Entries shown:
-=-=-=-=-
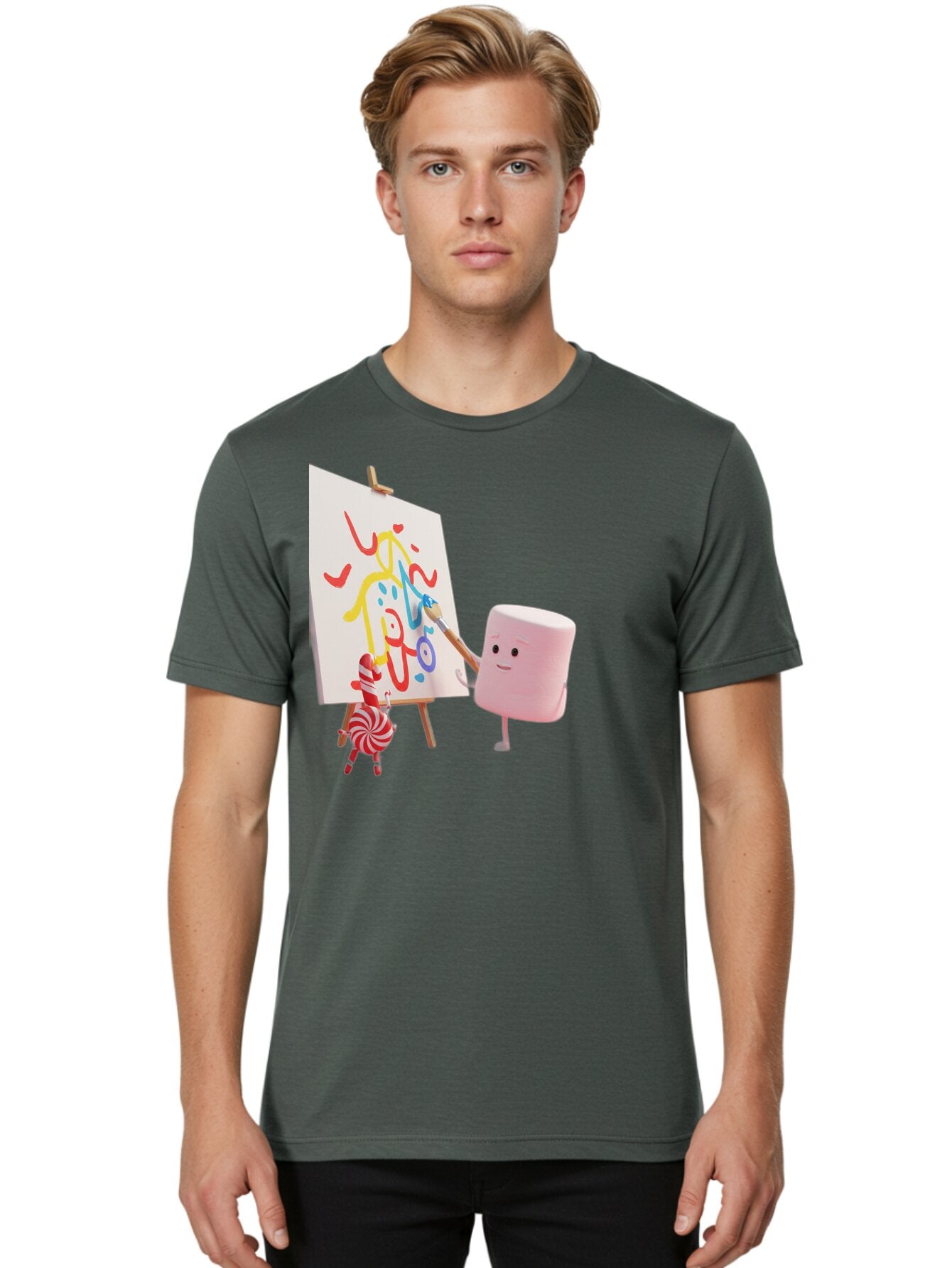 Marshmallow-Painter Men'S Graphic Tee, 100% Cotton, Comfortable Casual Summer Wear, Machine Washable, Vintage Camera, Old Camera, Antique Camera, Black Camera, Classic Photography, Photography Equipment, Nostalgic Device, Film Camera, Bam846 25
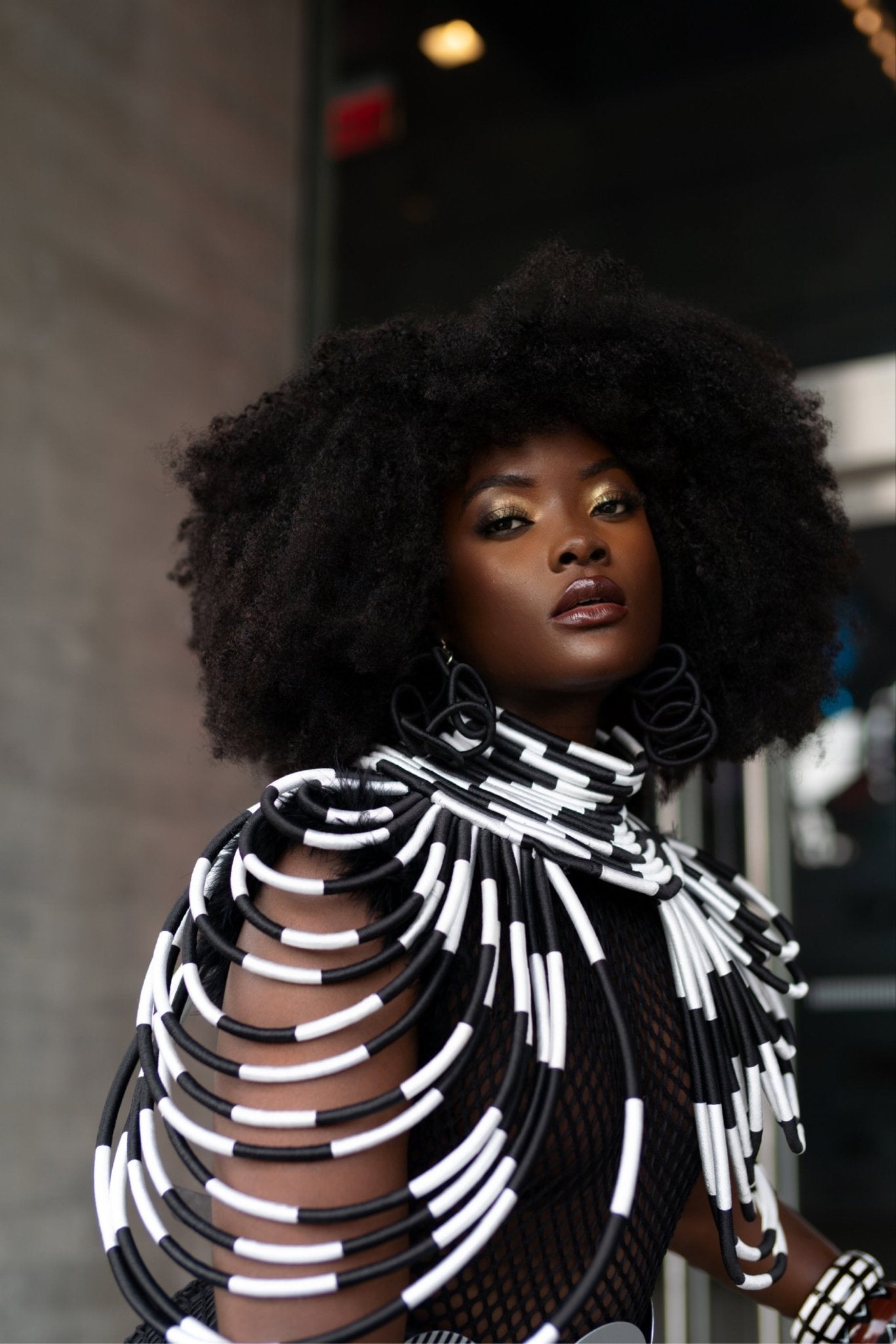 Ubuntu Goddess two shoulder Necklace - black and white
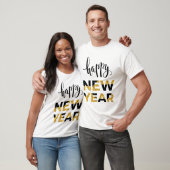 Happy New Year woord art mannen t-shirt (Unisex)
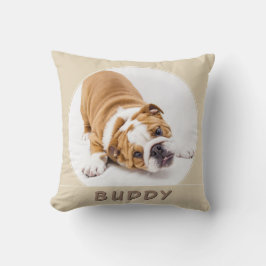 Simple Beige Hund Pet Puppy Namn och Photo Kudde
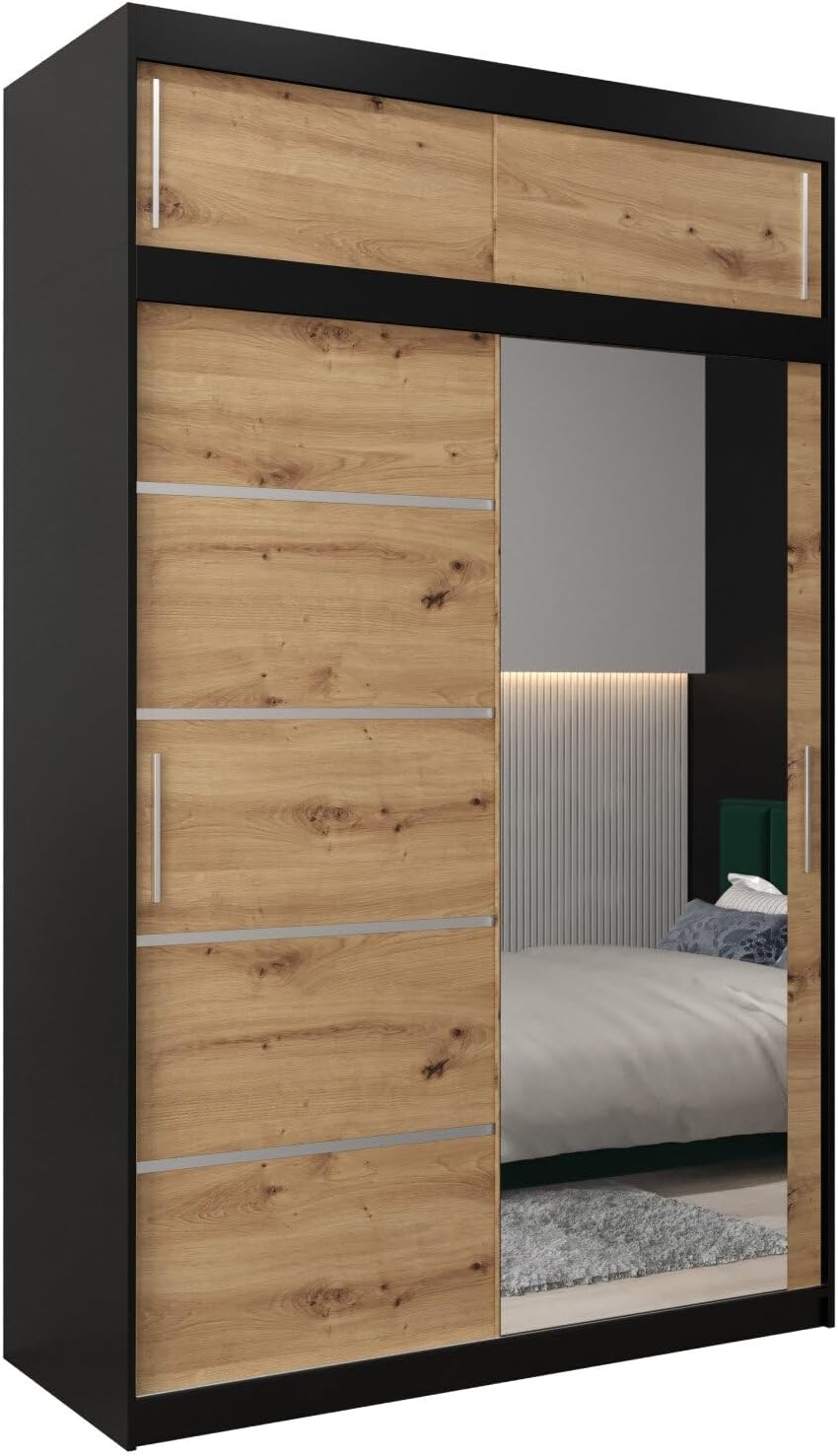 MEBLE KRYSPOL Verona 2, 250 cm Bedroom Wardrobe with Three Sliding Doors, Mirror, Clothes Rail and Shelves, 250 x 200 x 62 cm, Matt Black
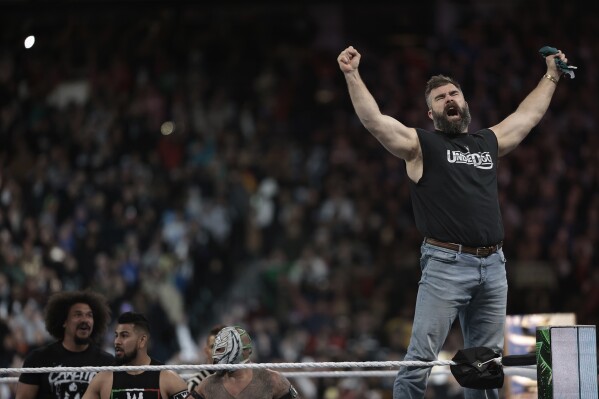 Eagles Jason Kelce appears in the ring during WrestleMania at Lincoln Financial Field in Philadelphia on Saturday, April 6, 2024. (Elizabeth Robertson/The Philadelphia Inquirer via AP)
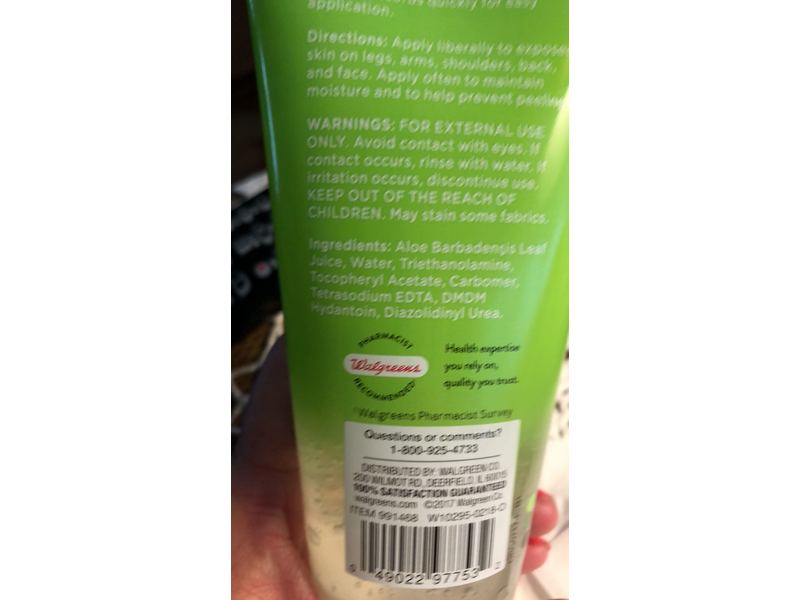 Walgreens Aloe Vera Gel Sensitive Skin, 6 oz Ingredients and Reviews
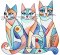 BFC32047 Cats in a Picasso Style 6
-=-=-=-=-
Task instructions: Although the records include pictures, output only their text, exactly and completely.

Solution for this exercise:
 Marshmallow-Painter Men'S Graphic Tee, 100% Cotton, Comfortable Casual Summer Wear, Machine Washable, Vintage Camera, Old Camera, Antique Camera, Black Camera, Classic Photography, Photography Equipment, Nostalgic Device, Film Camera, Bam846 25
 Ubuntu Goddess two shoulder Necklace - black and white
 Happy New Year woord art mannen t-shirt (Unisex)
 Simple Beige Hund Pet Puppy Namn och Photo Kudde
 MEBLE KRYSPOL Verona 2, 250 cm Bedroom Wardrobe with Three Sliding Doors, Mirror, Clothes Rail and Shelves, 250 x 200 x 62 cm, Matt Black
 Eagles Jason Kelce appears in the ring during WrestleMania at Lincoln Financial Field in Philadelphia on Saturday, April 6, 2024. (Elizabeth Robertson/The Philadelphia Inquirer via AP)
 Walgreens Aloe Vera Gel Sensitive Skin, 6 oz Ingredients and Reviews
 BFC32047 Cats in a Picasso Style 6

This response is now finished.